2010 Jul 30 tifa

Guy Blade Guy Blade---02:35:00

Title Drop 4: The Prequel
Last night, I finished up Star Ocean: The Last Hope. It is the fourth in a long spanning series of actiony RPGs going back to the SNES era. The series tends to focus on spacefaring humans who end up trying to save the universe/galaxy/world but inexplicably end up on planents with medieval fantasy levels of development.

The Last Hope is actually the chronologically first game in the series, taking place right as humanity is beginning to seriously begin extrasolar exploration. Later games take place once humanity is already an established power in the galaxy. The story here follows Edge Maverick, a bridge officer in the new Space Reconnaissance Force, who quickly ends up the captain of his ship due to field promotion. You're then tasked with searching out new worlds fit for human colonization due to the Earth being in something of a bad way after all the wars and such. Of course, you quickly become aware of threats to the galaxy and are off to save it as in the other games.
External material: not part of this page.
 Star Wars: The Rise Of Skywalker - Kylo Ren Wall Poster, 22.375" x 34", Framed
The game uses the rather standard JRPG division of overworld and battle modes. The overworld contains visible enemies who you can encounter to enter battle and all of the other trappings of a JRPG--scattered treasure chests, sidequests, item creation, etc. The battle system is highly similar to the previous games and is nearly identical to Star Ocean 3's system in terms of control and flow. Luckily, they've done away with the idea of being able to either "MP kill" or "HP kill" characters and use the more familiar HP is for damage and MP is for casting. Otherwise, you are simply able to move around the map, carry out special attacks or magic, and otherwise fight. The game up battle slightly by incorporating the "battle gauge". This guage allows you to gain special benefits by completing certain conditions. The guage contains 14 slots which get filled as these conditions are met: killing an enemy with a critical hit gives an experience bonus slot, killing multiple enemies at once gives a money bonus slot, getting ambushed (being in two consecutive fights) gives a skill point bonus, and killing an enemy using only skill results in an HP/MP regen bonus.
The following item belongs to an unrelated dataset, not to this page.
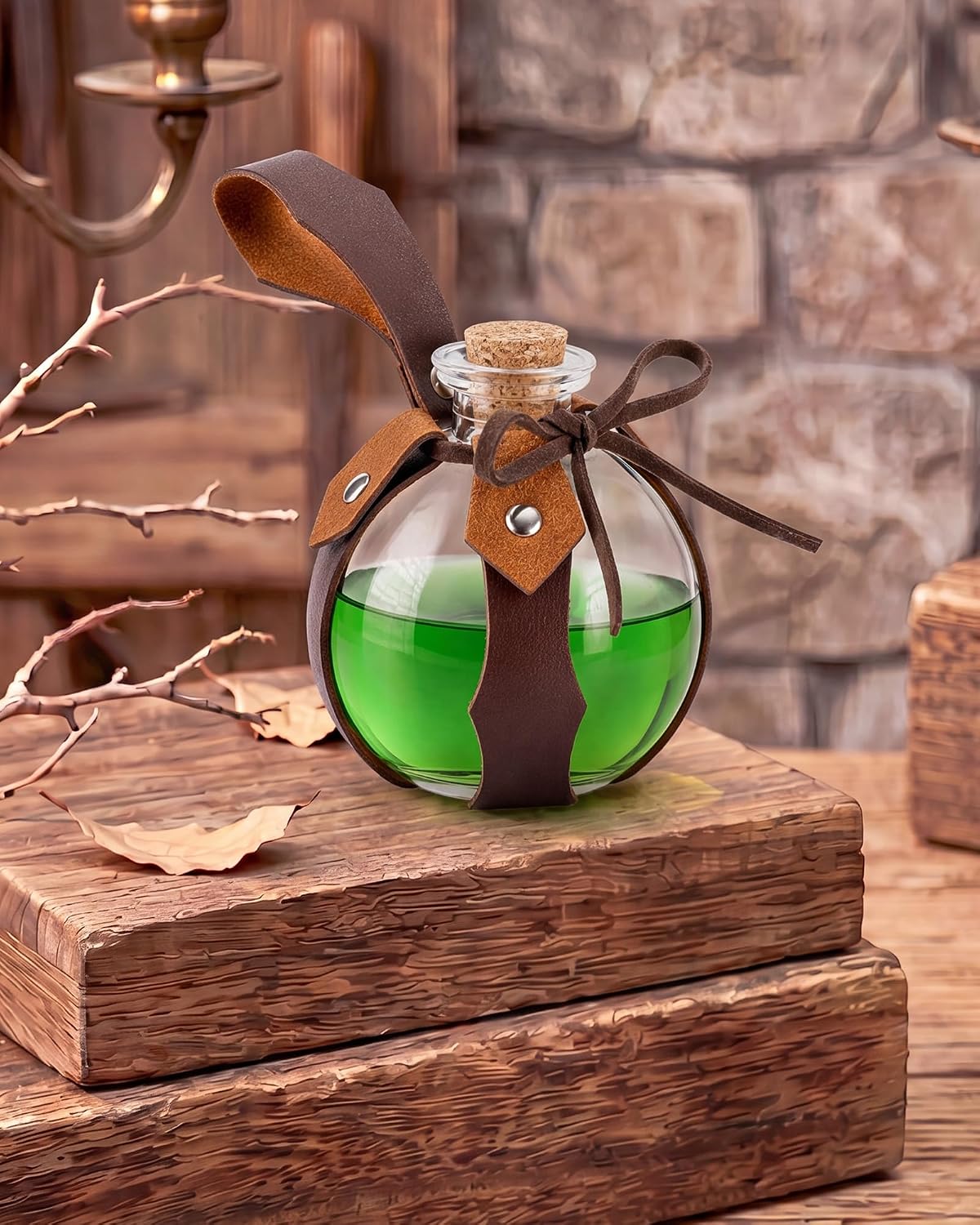 Medieval Brown Potion Bottle with Wrapped Faux Leather Belt Holder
This is where the first noticable bad design decision appears. For the battle gauge bonuses, the level of utility varries massively: for XP and Money, each slot gives a 10% bonus. This means that maxing the guage with one of them would results in getting as much as 240% of base XP or money for a fight. For SP, which is relatively common, but vital to both character advancement and item creation, each slot gives one additional skill point per battle. In the early game, this allows for very fast advancement and access to special abilities. For HP/MP regen, however, you get 1% per battle per slot. This last bonus is completely worthless for the cost of carrying it out. Given the choice of getting to recover 14% of your health and MP after every fight without expending items or getting a 140% bonus to XP, the answer is completely obvious. Furthermore, given how common healing items are in general, this shouldn't even be an issue. That isn't the only problem with the battle gauge though. The gauge is not retained when you save and load. This led me (and I suspect others) to simply leaving their system on when they had acquired a relatively large bonus. Since it can take a fair amount of time to aquire certain bonuses (SP especially), this is the only pragmatic solution offered.

Of course, this wouldn't be such an issue if the game were more stable. At this moment, I'll say that I played the game on the 360 and that I have not played the PS3 (International) version. I had at least a dozen hard locks of my console while playing this game. Every single one happened during a battle and every single one was frustrating. Worst of all, I had one hard lock occur during my first attempt at the final boss resulting in me having to go back and beat its first form again. Luckily, I was able to skip the pile of cutscenes ahead of it.

Less annoyingly, but still evidence of poor thinking, is the late game transit system. Once you are able to access the final area, you can return to most of the areas previously available. In total, this consists of 5 worlds. Going to the first three worlds requires you have the game using disc 2 and going to the last two requires you to use disc 3. This is completely unacceptable. I shouldn't have to wander around my apartment playing disc caddy in the late game.

As much as these technical issues grated on me, by far my biggest complaint against the game is from a particular section of the plot. At one point, you end up in a situation with a person who is so obviously evil that from the first word the character spoke, I knew they were out to betray the party. I was then forced to watch as my characters happily hand over the giant world-ending bomb to the obviously evil character who proceeds to blow up the planet. Worse, I then got to listen to the character who did it angst about it for the next fifth or so of the game. I understand that the characters should get tricked sometimes and that the narrative may drive things, but at least write a plot where I can maybe see myself getting tricked in their place. Genre saviness isn't even required!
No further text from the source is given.